On commence par la preuve expérimentale. Hier, donc, les britanniques étaient invités à consommer moins d’électricité. Une opération qui avait reçu le soutien de grandes organisations éologistes, religieuses et caritatives et même de trois grands électriciens (EDF, E.On, Scottish Power). Il ne manquait que la BBC, qui s’était retirée du projet pour une raison obscure. Bref, il y avait quand même du monde pour expliquer à nos voisins combien ce premier “E-Day” prouverait qu’un petit effort de chacun conduit à un bienfait collectif. Las! Au lieu des 2% d’économie espérés, la consommation a cru de 0,1%: un temps un peu plus froid que prévu a eu raison de la (faible) participation à l’opération.
Revenons à la science. Du comportement s’entend. Ces travaux émanent de deux départements du Max Planck Institute allemand, qui se sont penchés sur la « tragédie des biens publics ». Quand un bien commun est gratuit, peu de gens en usent avec parcimonie. Autrement dit, puisque je sais que peu de gens font des efforts pour lutter contre la pollution (on peut aussi remplacer par « trier les déchets », « ne pas gaspiller l’eau », etc.), pourquoi me prendrais-je la tête?
Au Max Planck, donc les chercheurs ont imaginé un jeu qu’ils ont proposé à trente groupe de six étudiants. Chacun d’entre eux se voyait proposer d’investir dans la protection du climat, et recevait un « pactole » de quarante euros, avec la possibilité d’investir , 2 ou 4 euros à chaque session. Si 120 euros étaient rassemblés dans un groupe, chacun recevait du vrai argent. Sinon, le joueur perdait tout. Bref un vrai dilemme: si je n’investis pas assez, je perds. Si j’investis trop, il ne me restera pas grand chose. Verdict: la planète n’est pas prête d’être sauvée, en dépit de quelques uns qui ont investi plus que leur part, pour pallier l’insuffisance des autres.

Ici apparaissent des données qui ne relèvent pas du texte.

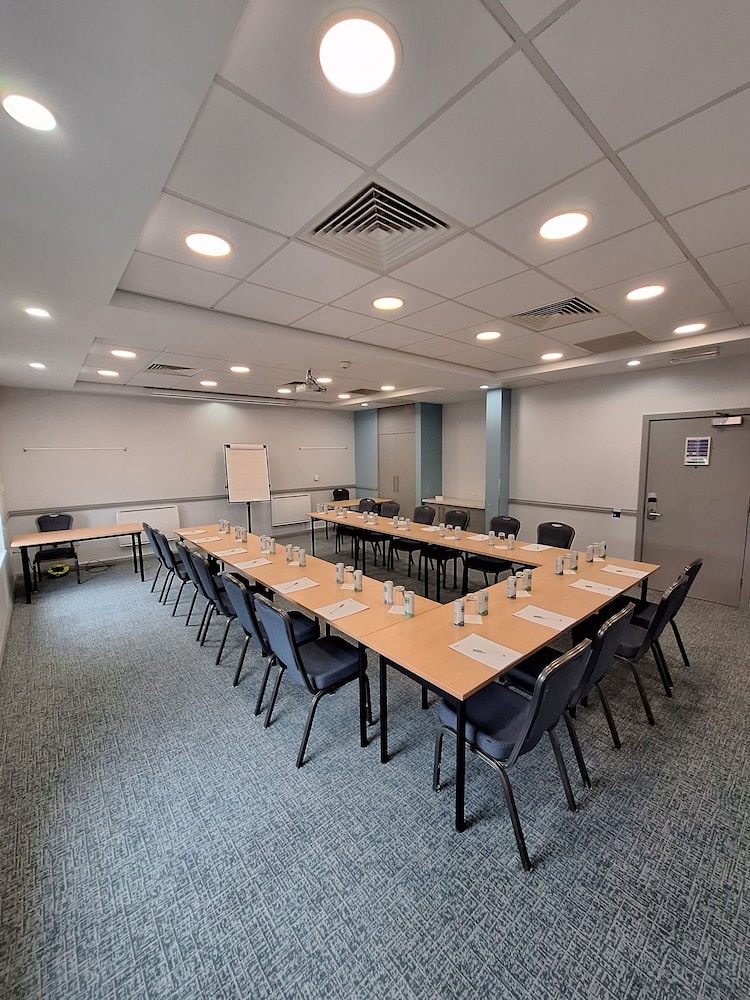 London Luton Vale Hotel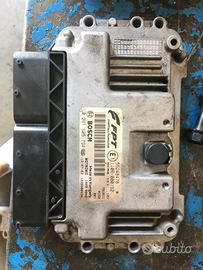 ECU Doblo' 1.4 cod. 0261S05794 - 55248478
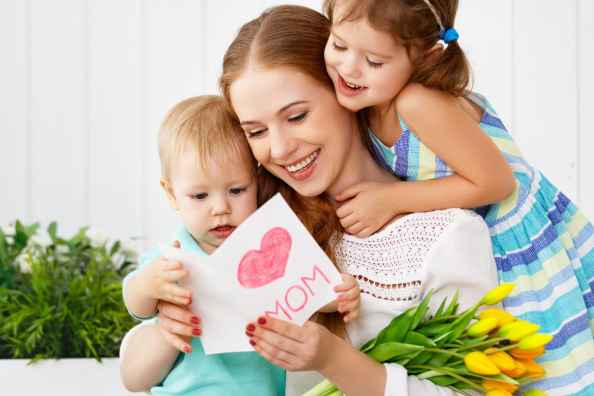 17 Things You Can Do To Make Your Mother's Day Special On A Budget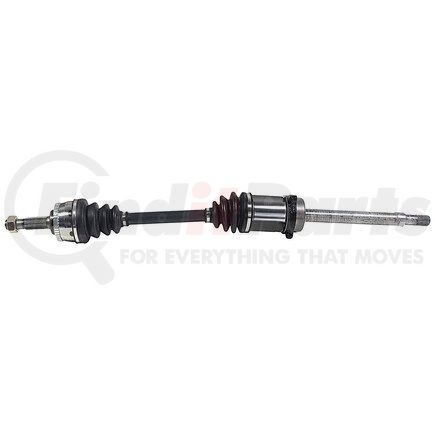 GSP Auto Parts North America Inc NCV39520 CV AXLE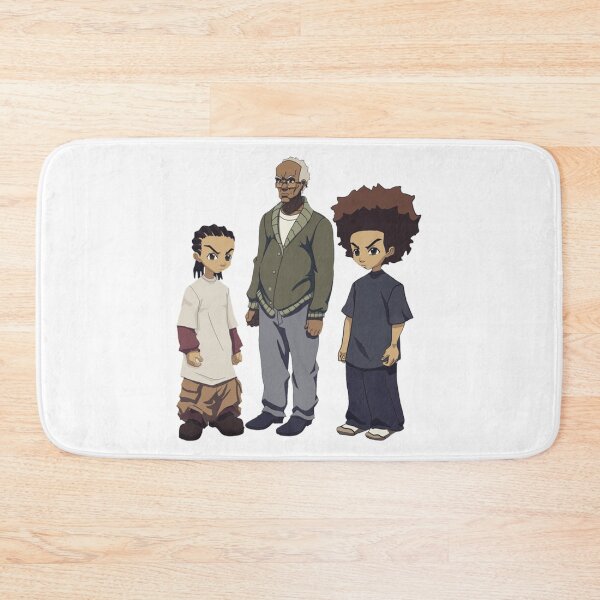 Item preview, Huey, Riley and Grandpa Freeman ... Family Photo     designed and sold by LCsShop.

Les chercheurs en sont tourneboulés. Car les groupes ne comptaient que six personnes. Quid d’une population de dizaines de millions, à l’échelle d’un pays? Ou d’une réunion rassemblant cinquante ou cent chefs d’Etat?
C’est bien pour ça qu’on n’arrivera à rien si certains ne se mouillent pas plus que d’autres. Comme on a aboli la peine de mort contre l’avis des sondages, il faudra bien que le politique ait le courage de prendre des mesures impopulaires et tenter de corriger notre insuffisance collective. Dans les années soixante-dix, on avait réduit d’autorité les livraisons de fuel domestique de 10%. Aujourd’hui, on laisse circuler des tanks 100% frimes sur les routes. Allez monsieur le lider maximo verde, un petit effort. Remplacez Lalonde par votre Carla préférée comme ambassadrice du climat. On ne sait jamais, elle pourrait peut-être en aguicher un ou deux pour la bonne cause.
Oui et il y a encore beaucoup de dadais qui pense que la démocratie est l’avenir ! … je vous laisse méditer sur l’avenir de notre monde d’impostures !
@ratmanoff
Ce n’est pas la question. Ce qui est en cause est plus le laisser-faire et l’individualisme. Au contraire, la démocratie permet de prendre une décision collective et de la transformer en loi. On pourrait donner l’exemple des pots catalytiques: si on avait compté pour leur développement sur la bonne volonté des automobilistes et/ou des constructeurs, ils ne se seraient jamais généralisés.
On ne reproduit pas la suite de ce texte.